When will musicians learn to stop selling their souls to the devil? Apparently never.
ABC’s new Sunday night drama 666 Park Avenue opens with the classic cliche of the violinist who has sold his soul for fame and now it’s time to pay up. The writer’s (show creator David Wilcox) use of this cliche right out of the gate is a great choice. It tells us exactly what type of show we are watching.
This isn’t American Horror Story. This is a straight up classic occult horror story. It’s fun classic horror built on the standard mythos of a smooth talking, deal making, devil who has one goal – your soul.
The show shifts gears from it’s dark opening scene to the light, happy and in love couple of Henry Martin (Dave Annable) and Jane Van Veen (Rachael Taylor). He’s a suit and she’s blond and bright. She’s also currently unemployed and applying for the position of building manager at 999 Park Avenue. The building, a gothic New York City luxury apartment building known as the Drake, is the true star of the show. As you’d imagine, the sets are pretty impressive. They do a great job at conveying an opulence that is somehow both foreboding and inviting. The directing and camera work contribute a great deal to this. There are also subtle touches thrown in, like rotary phones, that make you feel a little bit outside of the comfort of the modern world.

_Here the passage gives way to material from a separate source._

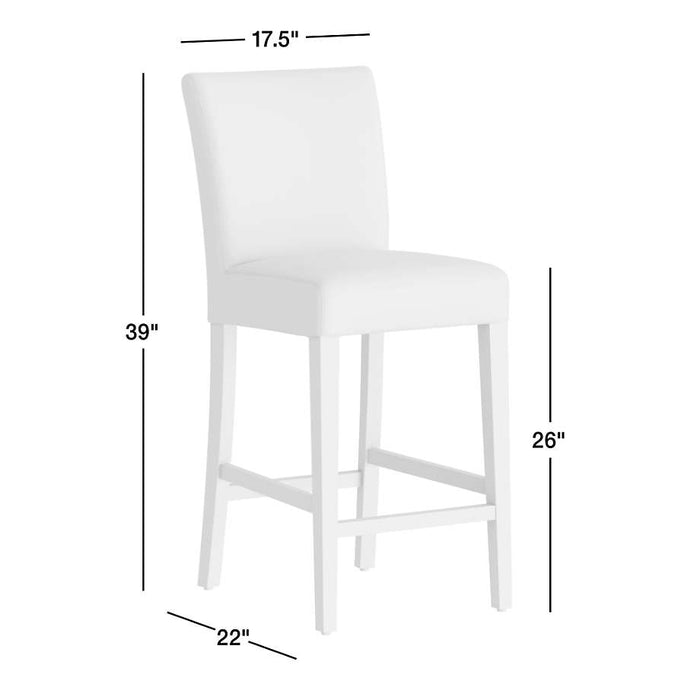 Lowe Onyx Leather Counter Stool with Ebony Wood Legs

But as great as the backdrop is, this show works because Vanessa Williams and Terry O’Quinn sell the hell out of it as building owners, and devils, Olivia and Gavin Doran. Williams is deliciously evil and O’Quinn’s role as her husband is the perfect mix of sinister baddie/condescending father-you-don’t-want-to-disappoint.
The Dorans have struck a deal with every resident in the building. The Dorans live on the 13th floor, obviously. Much like the violinist, there’s a writer who has sold his soul to write a hit Broadway play. Unfortunately, he spends too much time leering at his hot neighbor who’s always prancing around naked in front of her window. There’s also a zombie. Sadly, she never eats anyone’s brain. She stays alive as long as her husband kills the people Gavin Doran tells him to kill.

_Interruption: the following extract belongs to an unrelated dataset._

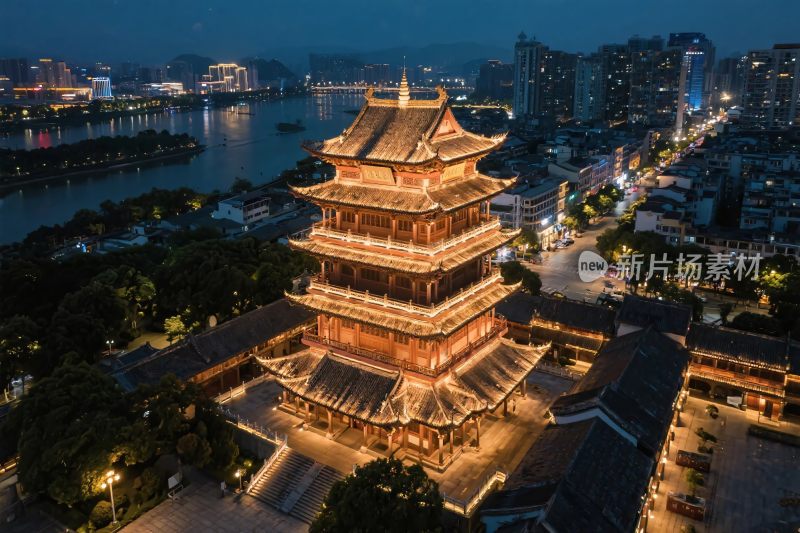 古塔夜景城市景观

The show doesn’t spend a lot of time exploring their motivations and it isn’t going to deliver intense character studies in every episode. The central story is the mystery surrounding the Dorans and building itself, like that creepy ghost in the basement. The residents are simply a means to that end.
Although Jane takes seems to take up the most screen time she’s not the soul the Dorans are after. They want Henry, a young hotshot lawyer who works for the Mayor. Still, it seems that the real reason Jane and Henry moved into the Drake is to allow the viewers to uncover this demonic universe. Every bit of their characterizations scream “Plot Device!”. Jane has a background in architecture, so her professional curiosity gives her a reason to explore every inch of the building. She gets even more of a reason to dig around when Gavin tells her, that because of her knowledge of historic architecture, he wants her to assist with the building renovations. And one has to wonder how much of a wizkid lawyer Henry actually is, he doesn’t even read the rental contract before he signs on the dotted line. Whoops.
There’s nothing new here but that’s what makes it cool. If you nerd out for classic occult stories, you’ll be delighted by this and have a fair amount of fun. And that’s the key word here – fun. 666 Park Avenue isn’t high drama and it’s not meant to make you think. It’s horror candy and for that reason, it’s deserving of a spot on your Sunday night TV watching schedule.